The Lost Notebooks of Hank Williams is a 2011 album by folk, country, and rock artists who set music to lyrics by country musician Hank Williams. The album was released on October 4, 2011.

Background
Williams died suddenly in 1953 at the age of 29 while traveling to his next scheduled concert on New Years Day in Canton, Ohio. Inside his Cadillac, the police found the unfinished handwritten lyrics to songs that Williams had never recorded.

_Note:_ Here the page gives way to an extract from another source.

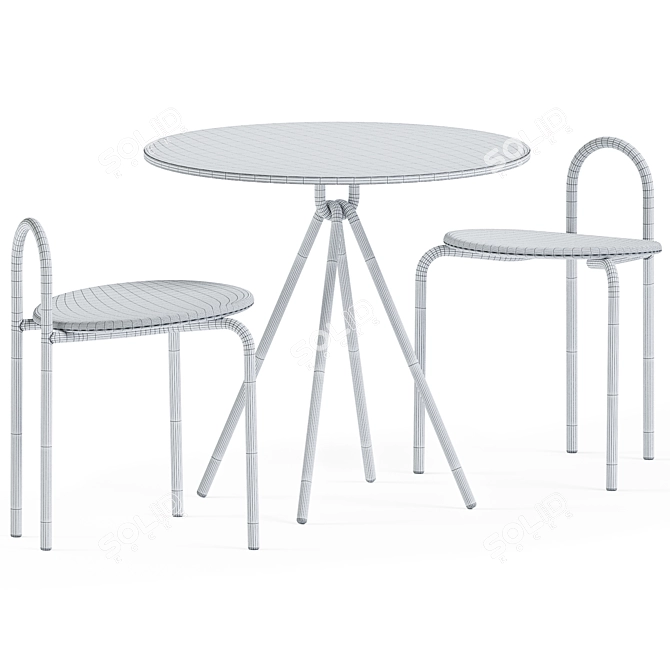 Cafe Vibes Set: Piper Table & Michelle Stool 3D model image 4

In 2006, a janitor working for Sony/ATV Music Publishing claimed to have found Williams' unfinished lyrics inside a Sony-owned dumpster. She said that she had sold Williams' notes to a representative of the Honky-Tonk Hall of Fame and the Rock-N-Roll Roadshow. She was then accused of theft, but the charges were dropped when a judge determined the janitor's version of events to be true. The unfinished lyrics were later returned to Sony/ATV, which handed them to Bob Dylan in 2008 to complete the songs for an album release. Dylan completed one song; others were completed by Alan Jackson, Norah Jones, Jack White, Lucinda Williams, Vince Gill, Rodney Crowell, Patty Loveless, Holly Williams, Levon Helm, Jakob Dylan, Sheryl Crow and Merle Haggard.

Reception

Neil Spencer in The Observer wrote, "The air of reverence hangs heavily, with Williams's droll humour and proto-rockabilly style largely absent [...] An entertaining exercise, though of Hank's celebrated yodel there is, alas, no sign." Entertainment Weekly described the artist performances as "original melodies, some too wan for the strength of the lyrics, which range from the deeply romantic to the   corrosively aggressive."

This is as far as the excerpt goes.